» **WHAT IS NEEDED**
Reproduce the lines below exactly, from the one containing "822 B S Sullivan Street, Seattle WA 98108" through the one containing "Used MINI Hatch", both included. Leave out any pictures.

» **DATA SUPPLIED**
☆ ☆ ☆ ☆ ☆

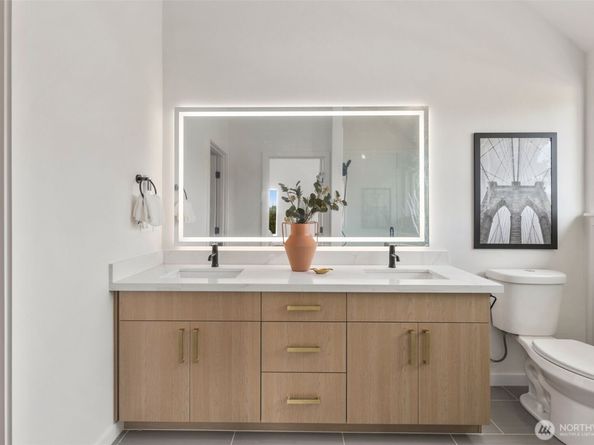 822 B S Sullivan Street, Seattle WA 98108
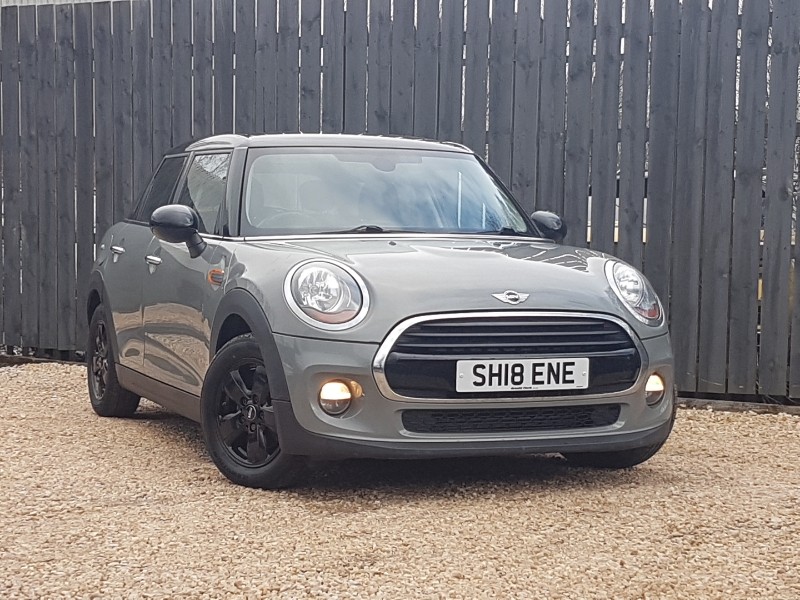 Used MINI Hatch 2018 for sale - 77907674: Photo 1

☆ ☆ ☆ ☆ ☆

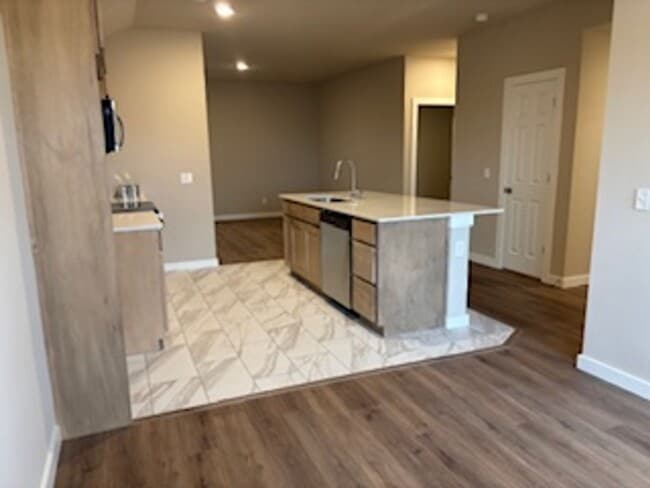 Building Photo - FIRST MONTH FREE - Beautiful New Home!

☆ ☆ ☆ ☆ ☆

» **OUTPUT FOR THIS EXERCISE**
 822 B S Sullivan Street, Seattle WA 98108
 Used MINI Hatch 2018 for sale - 77907674: Photo 1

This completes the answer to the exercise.